As I have discussed at great length, torture represents an immense evil. Yet the current obsessive focus on torture constitutes only another facet of the same overall pathology. In the manner of a Lady Macbeth compulsively washing her hands, almost all of our ruling class and those who support them believe that if only they can remove this single “damn’d spot,” all of their and America’s sins will thus be purified. As with Lady Macbeth, this is the route to a final, irrevocable break with reality, and to ultimate destruction.

For close to none of our politicians and almost none of our prominent national voices will offer a serious challenge to the view that America is entitled by right to be God on Earth. In the context of this pervasive national denial of the truth of the American State and its explicitly proclaimed goal of worldwide dominance, the preoccupation with torture is another manifestation of the identical denial, just as it profoundly misidentifies the nature of the evil involved and reverses cause and effect. For torture is not some aberrational addition to the American polity; it is not a localized barnacle that can be scraped off an otherwise strong and healthy hull.

The truth is precisely the opposite: Torture is an inevitable and necessary part of the American project as envisioned and directed by the ruling class. The American government’s systematic use of torture long predated the Bush administration, just as America’s foreign policy of endless, aggressive intervention abroad took shape over more than a century, often most zealously directed by Democrats prior to the arrival of the detestable Bush. And more than this, and as we shall shortly see, torture was a foundational element of the American State itself. (On the bipartisan roots and development of America’s foreign policy of worldwide hegemony, see my “Dominion Over the World” series… and progressives might pay special attention to Part VIII, for some “welcome history.” Links to all the installments will be found at the conclusion of Part IX.)
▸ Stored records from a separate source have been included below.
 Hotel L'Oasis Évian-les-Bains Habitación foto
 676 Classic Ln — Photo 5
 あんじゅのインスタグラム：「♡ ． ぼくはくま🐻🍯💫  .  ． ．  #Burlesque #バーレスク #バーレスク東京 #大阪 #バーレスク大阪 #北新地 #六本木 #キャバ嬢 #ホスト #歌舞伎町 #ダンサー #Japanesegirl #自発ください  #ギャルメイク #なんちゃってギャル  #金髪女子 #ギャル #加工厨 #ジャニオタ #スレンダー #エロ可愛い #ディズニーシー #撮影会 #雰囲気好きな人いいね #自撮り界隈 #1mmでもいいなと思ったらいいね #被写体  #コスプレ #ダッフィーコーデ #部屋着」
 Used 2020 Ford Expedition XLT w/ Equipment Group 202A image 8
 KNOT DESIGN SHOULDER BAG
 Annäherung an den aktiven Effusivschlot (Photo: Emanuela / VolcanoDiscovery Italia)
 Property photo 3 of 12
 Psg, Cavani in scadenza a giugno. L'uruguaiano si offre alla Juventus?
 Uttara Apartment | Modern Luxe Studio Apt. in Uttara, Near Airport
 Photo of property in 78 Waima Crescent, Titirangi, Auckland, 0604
But our ruling class and those who call for anything less than the most radical of reforms refuse to acknowledge any of this. By seeking to localize the evil in only one aspect of the much broader and more fundamental evil involved and within a falsely delimited period of time, the torture obsessives would thus whitewash the American project as a whole. And until our foreign policy of the last hundred years is uprooted entirely, torture will never be eliminated. As I have analyzed in detail… the primary objection to the vile reign of Bush, to the extent such objection made itself known, was not to the substance of his foreign policy or to the nature of his actions. The rejection of Bush arose because Bush and his fellow criminals committed the one unforgivable sin: they stated explicitly, without apology and in an especially crude way what America’s goals and methods had been all along. This cannot be allowed; “our” sort of people just don’t do this sort of thing, after all. America’s genocidal murderers are nothing if not well-mannered.

So the selective pursuit and possible prosecution of a few of those who devised, directed and implemented the U.S. torture policies, but only those of recent vintage and not any of those that went before or are yet to come, will conveniently provide the United States with a clean slate upon which to write new chapters of crime. And to those who insist that we must pursue investigations because they may finally allow the entire web of evil to be unraveled, I can only say that such people ought to grow up one of these days. Short of massive, sustained civil unrest, even of the nonviolent kind, the ruling class will not allow it. When in the history of humankind has a ruling class, particularly one which has amassed to itself the kind of power now enjoyed by the American elites, ever fundamentally reformed itself and relinquished a significant part of the power it has obtained through many decades of unrelenting, diligent effort? Only if you answer, “Never,” are you correct.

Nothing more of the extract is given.